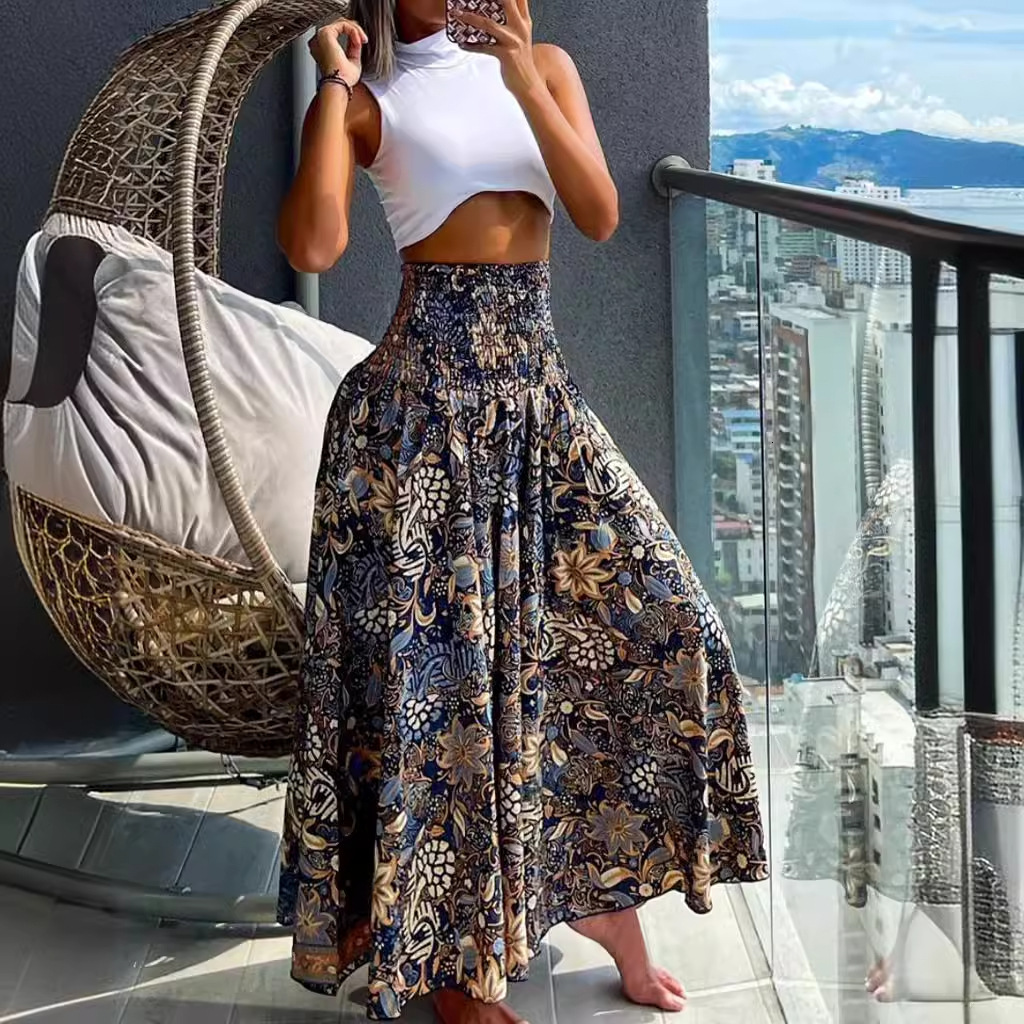 2025 New Women's Skirt Summer Style High Waist Slim fit Printed Women's Skirt New Women's Multi print Half length Skirt New Designer Dr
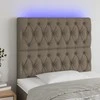 Galvūgalis su LED, taupe spalvos, 90x7x118/128cm, audinys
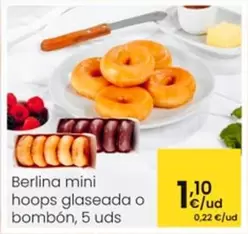 Oferta de Berlina Mini Hoops Glaseada O Bombon por 1,1€ en Eroski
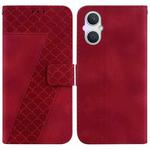 For OPPO A96 5G/Reno7 Z 5G 7-shaped Embossed Leather Phone Case(Red)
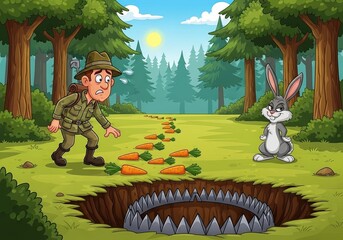 Clever rabbit tricks a hunter with a carrot trail leading to a dangerous pit trap in the forest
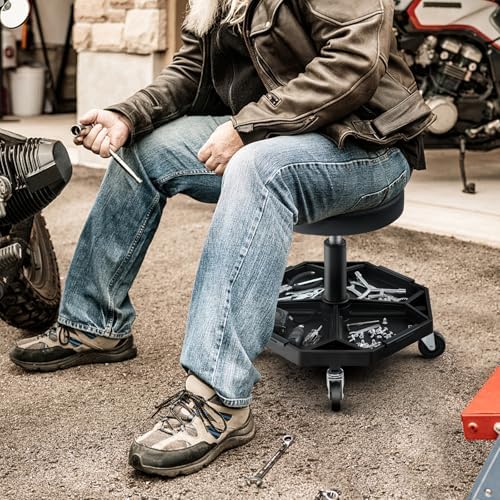 Goplus Mechanic Stool with Wheels, Magnetic Tool Tray, 330LBS Capacity - Image 2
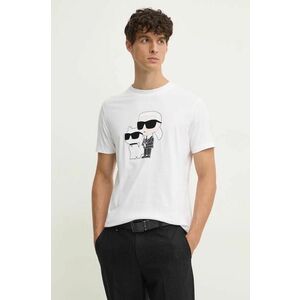 Karl Lagerfeld tricou din bumbac barbati, culoarea alb, cu imprimeu, 544241.755061 imagine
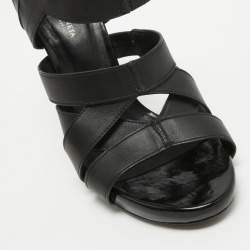 Pre Owned Bottega Veneta Black Leather Strappy Sandals Size 36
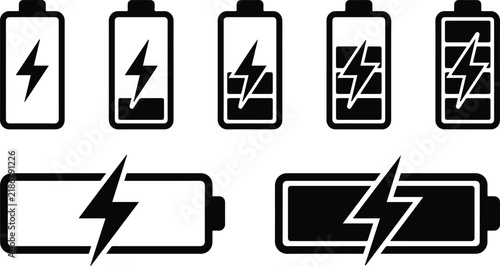 Battery charge status icons with lightning bolt symbols battery level icon set full battery low battery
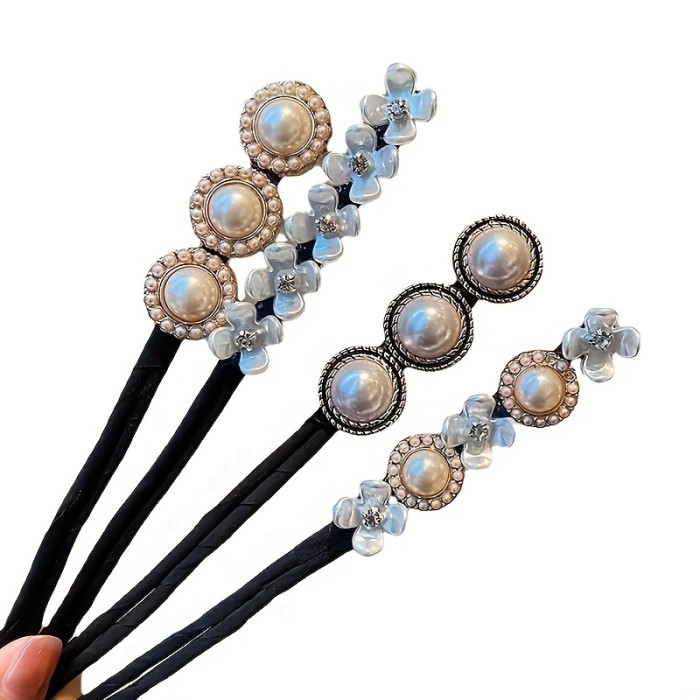 Rhinestone Magic Hair Bun Maker - Elegant Headdress Hair Curler with Peal and Flower - Stylish Hair Accessory for Women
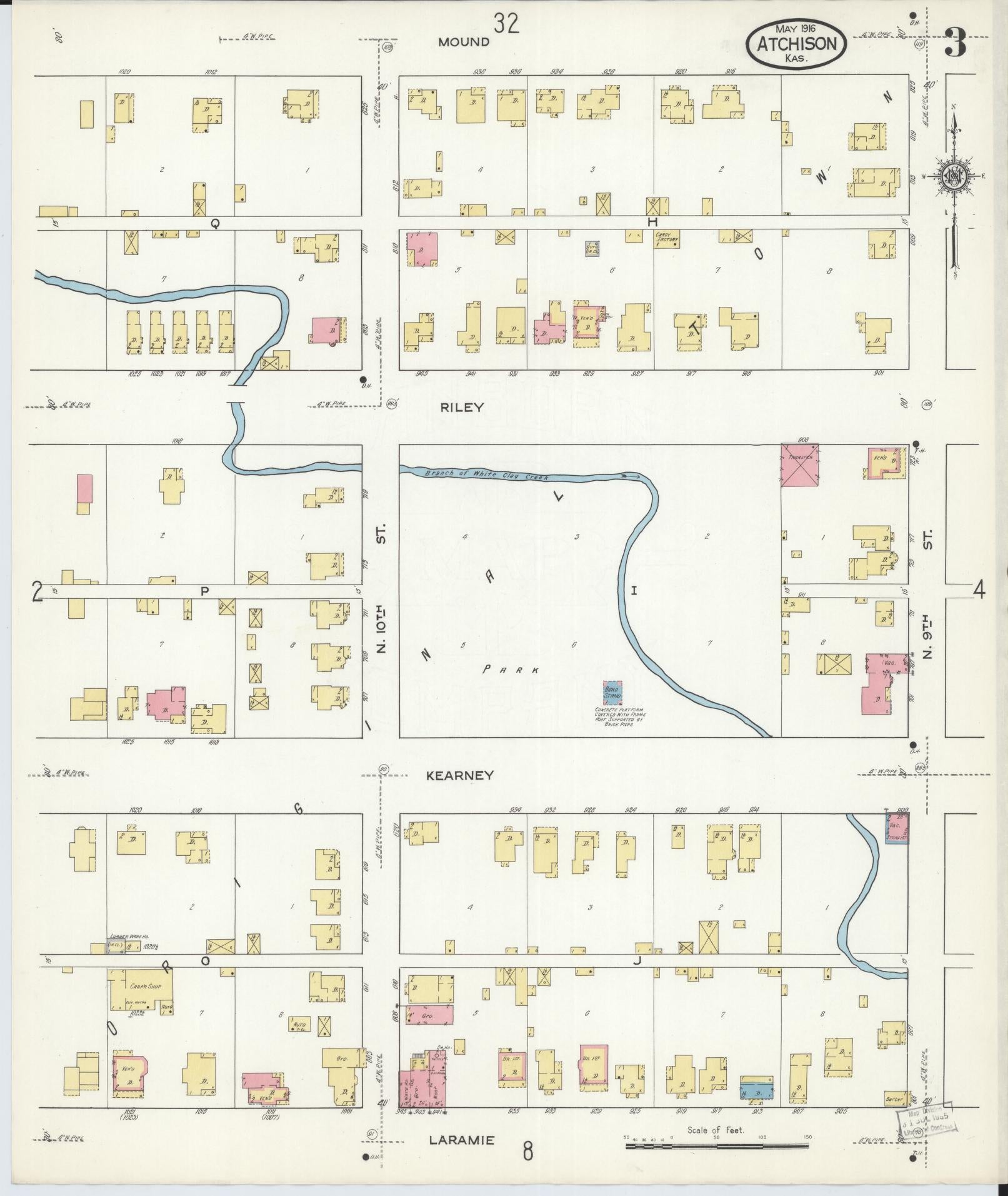 Sanborn Fire Insurance Map from Atchison, Atchison County, Kansas (1916), Sheet #0003 - Complete Map Set gallery image, historic Sanborn map, vintage wall art, Kansas Kansas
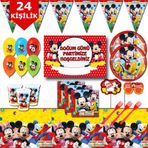 Mickey Mouse Afişli 24 Kişilik Doğum Günü Parti Malzemeleri Seti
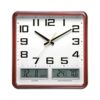 Simple Modern Square Wall Clock Multi-function Display Temperature and Humidity Calendar Clock Modern Wall Clock Decorative Clock (Color : Brown) (Brown)
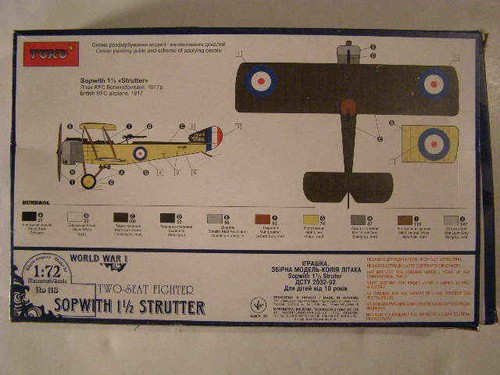 Reino Unido Sopwith 1 1/2 Strutter Scout, Primera Guerra Mundial 1/72 TOKO modelo kit RO 118 - Imagen 2 de 4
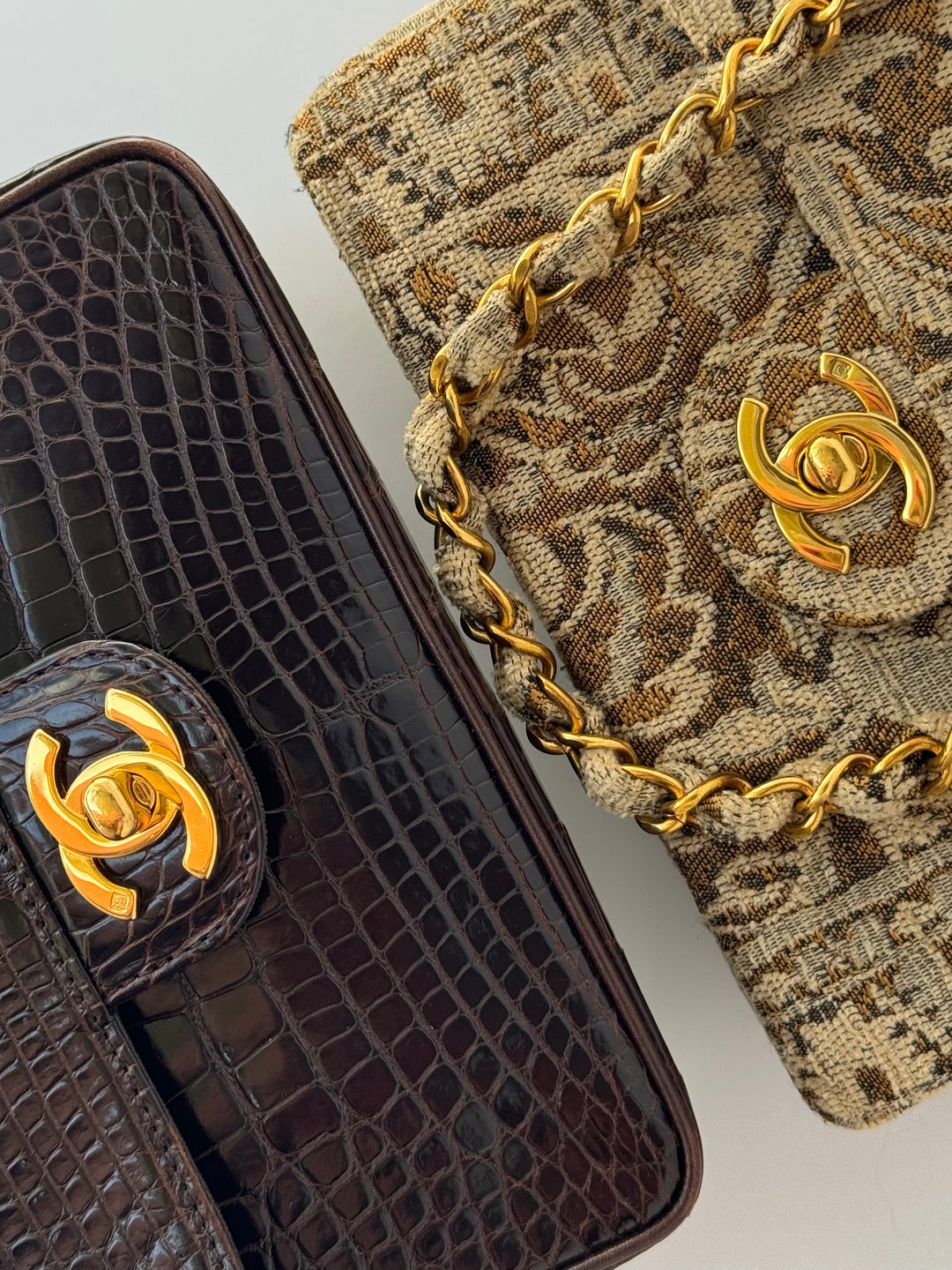 Chanel 1991 Bronze Metallic Brocade Vintage Mini Square Flap Bag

☆ ☆ ☆ ☆ ☆

Brief: Working from the records above, set down word for word everything from the line containing "Karl Lagerfeld tricou" down to the line containing "Battery charge status", ends included, minus the pictures.

The answer:
 Karl Lagerfeld tricou din bumbac barbati, culoarea alb, cu imprimeu, 544241.755061 imagine
 Pre Owned Bottega Veneta Black Leather Strappy Sandals Size 36
 Battery charge status icons with lightning bolt symbols battery level icon set full battery low battery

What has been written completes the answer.